### What the task requires
The whole listing below needs to be duplicated exactly, pictures aside.
==============================
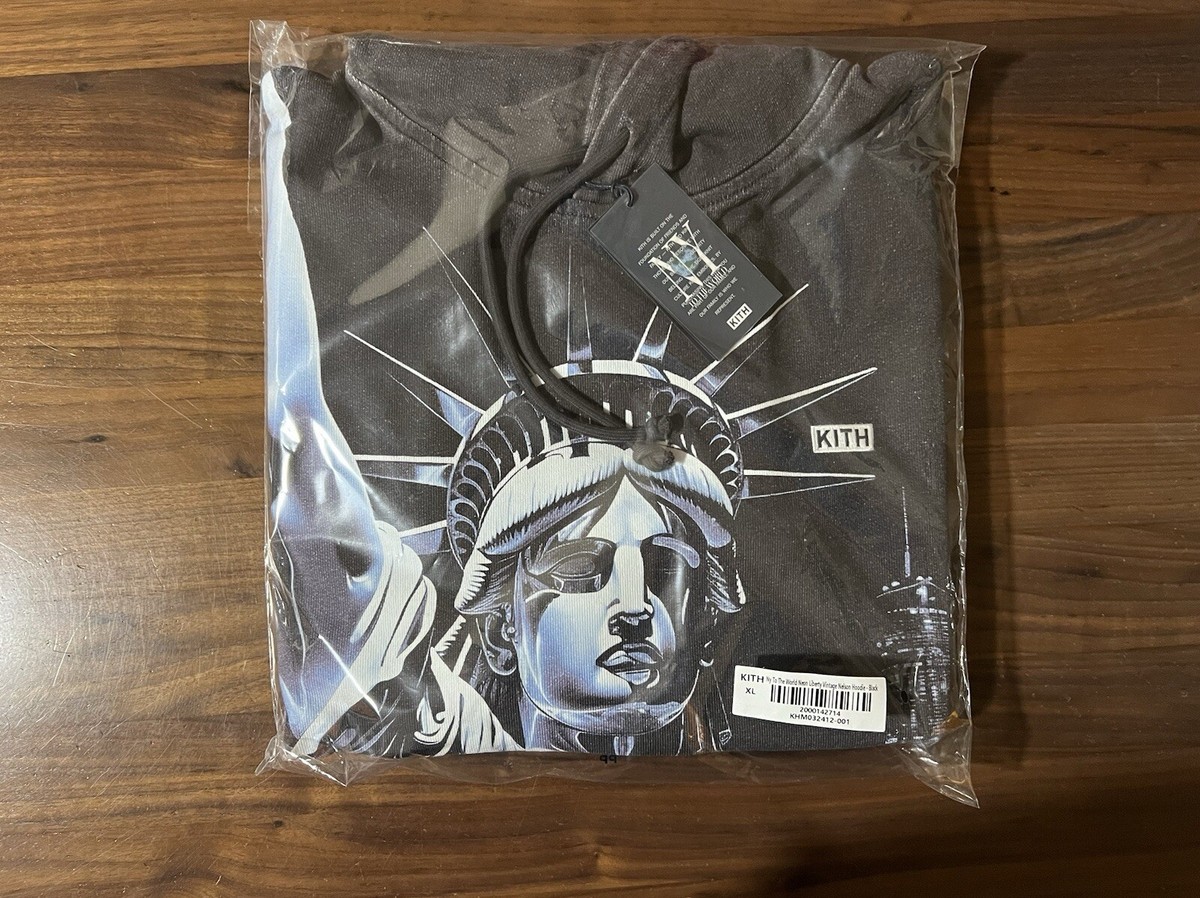 Kith NY to the World Neon Liberty Vintage Nelson Hoodie in Black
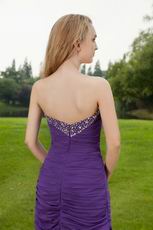 Ruched Blue Violet Chiffon Handcrafted Short Prom Dresses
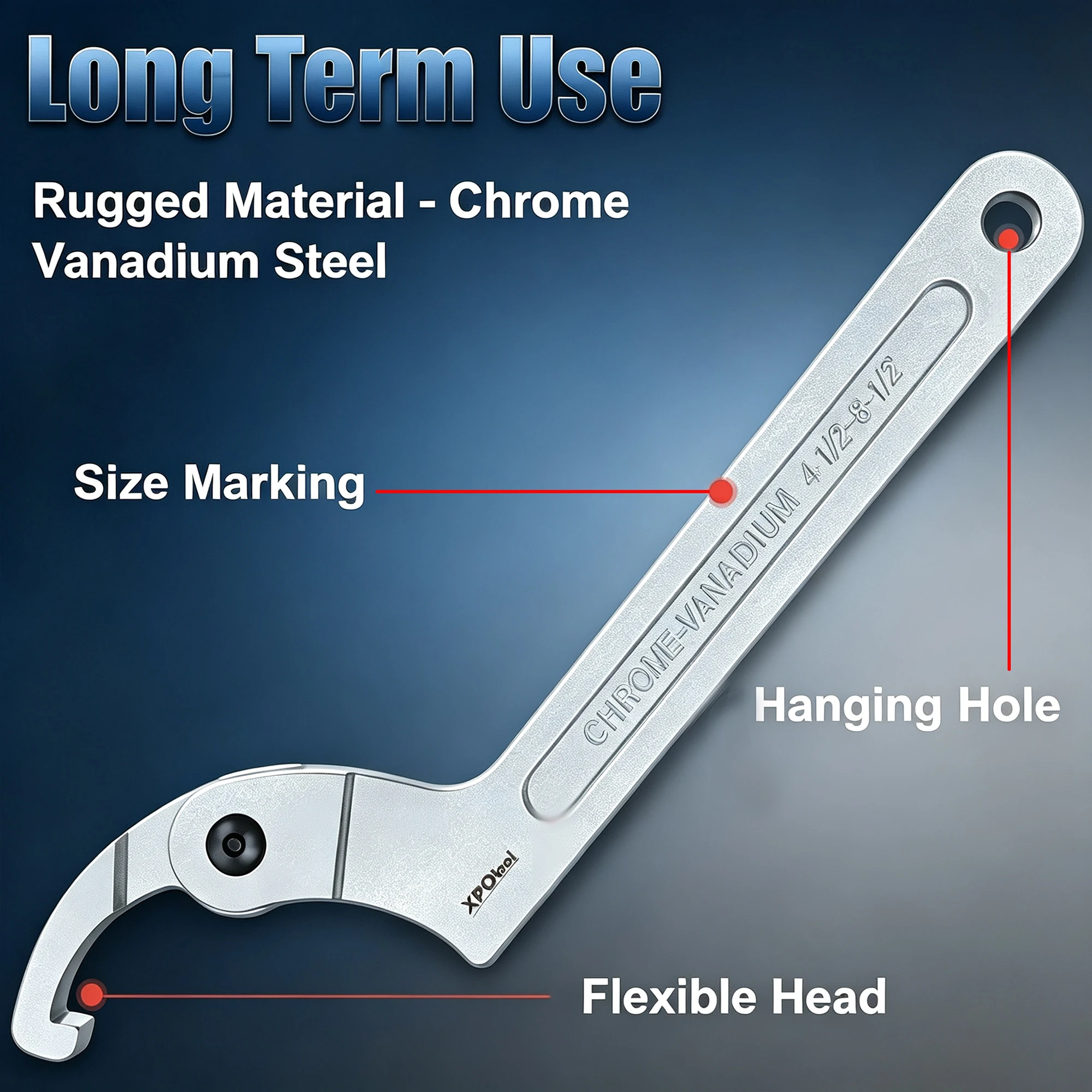 12Pcs Adjustable Hook C Spanner Wrench Set, Pin Spanner Wrench Tool Kit with 4 Interchangeable Adapters, Multiple Inch Size Range, for Motorcycle Coilover Shock, Car Suspension, Pipe Heating Maintenance, Foam Storage Case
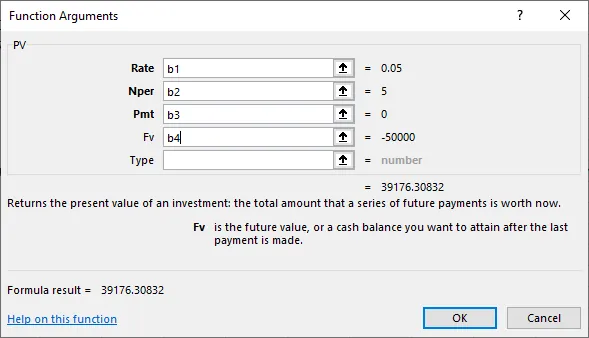 Screenshot of completed dialog box for PV function arguments. In the PV section, all the empty fields are filled with the relevant cell names.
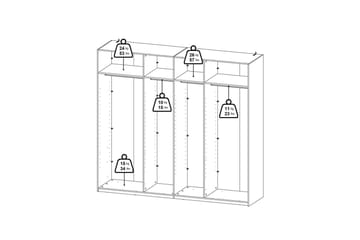 Takeru Garderobe med Speil 244x220 cm - Hvit - Oppbevaring - Garderober & garderobesystem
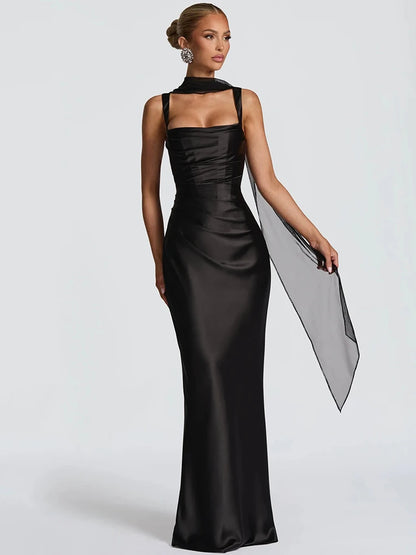 Satin Backless Sexy Maxi Dress Women Elegant Halter Off-shoulder Sleeveless Lace-up Bodycon Club Party Long Dresses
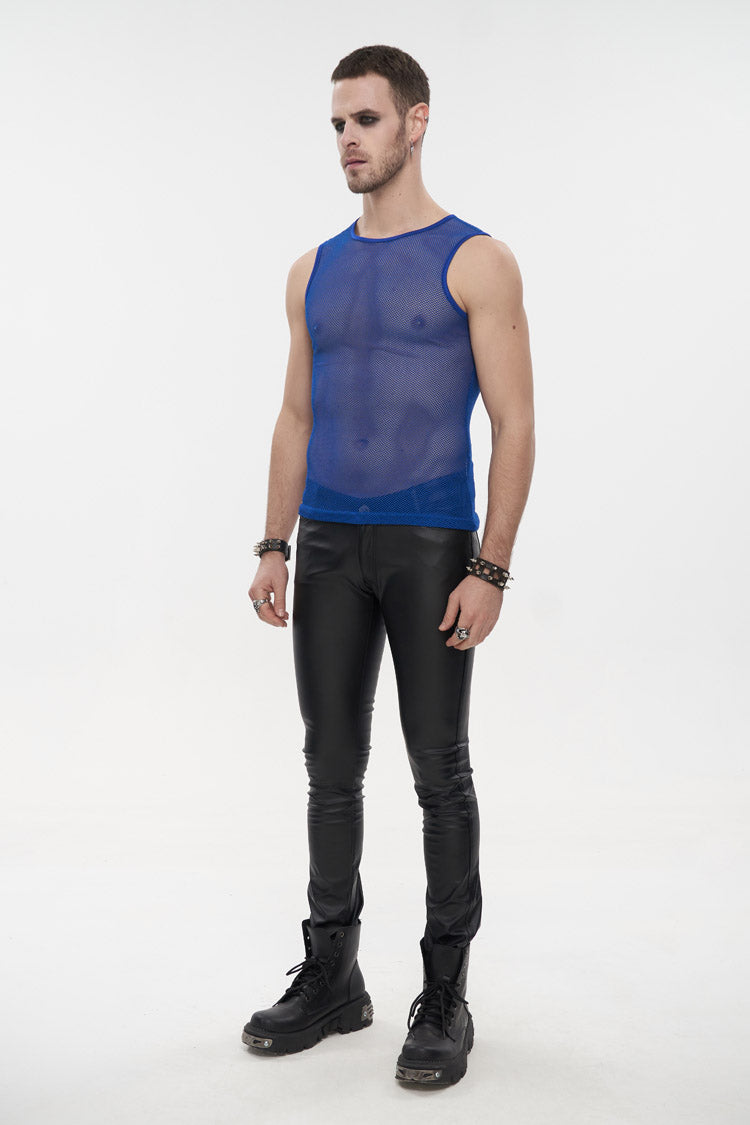 Blue Elasticity Perspective Rhombus Net Yarn Sleeveless Men's Gothic T-Shirt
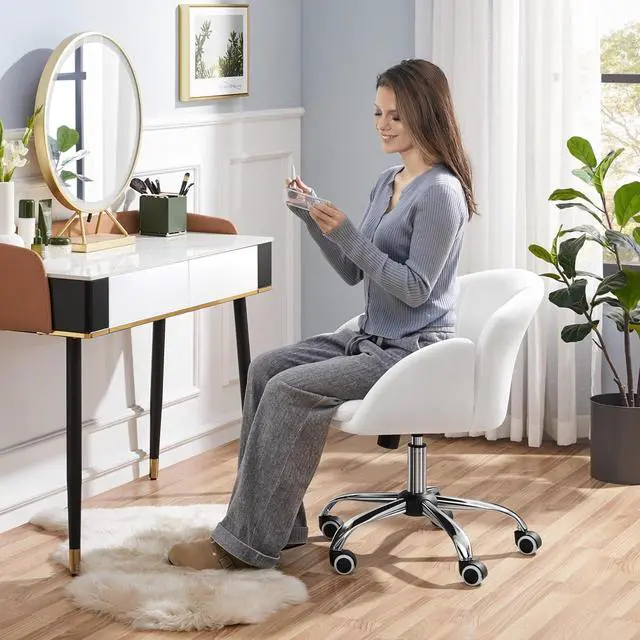 Alt view image 5 of 7 - Yaheetech Cute Desk Chair for Home Office, Adjustable Vanity Chair Modern Upholstered Chair Swivel Rolling Task Chair with Armrests for Work, Study, Living Room, Bedroom, Snowy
==============================
### Written answer
 Kith NY to the World Neon Liberty Vintage Nelson Hoodie in Black
 Ruched Blue Violet Chiffon Handcrafted Short Prom Dresses
 12Pcs Adjustable Hook C Spanner Wrench Set, Pin Spanner Wrench Tool Kit with 4 Interchangeable Adapters, Multiple Inch Size Range, for Motorcycle Coilover Shock, Car Suspension, Pipe Heating Maintenance, Foam Storage Case
 Screenshot of completed dialog box for PV function arguments. In the PV section, all the empty fields are filled with the relevant cell names.
 Takeru Garderobe med Speil 244x220 cm - Hvit - Oppbevaring - Garderober & garderobesystem
 Satin Backless Sexy Maxi Dress Women Elegant Halter Off-shoulder Sleeveless Lace-up Bodycon Club Party Long Dresses
 Blue Elasticity Perspective Rhombus Net Yarn Sleeveless Men's Gothic T-Shirt
 Alt view image 5 of 7 - Yaheetech Cute Desk Chair for Home Office, Adjustable Vanity Chair Modern Upholstered Chair Swivel Rolling Task Chair with Armrests for Work, Study, Living Room, Bedroom, Snowy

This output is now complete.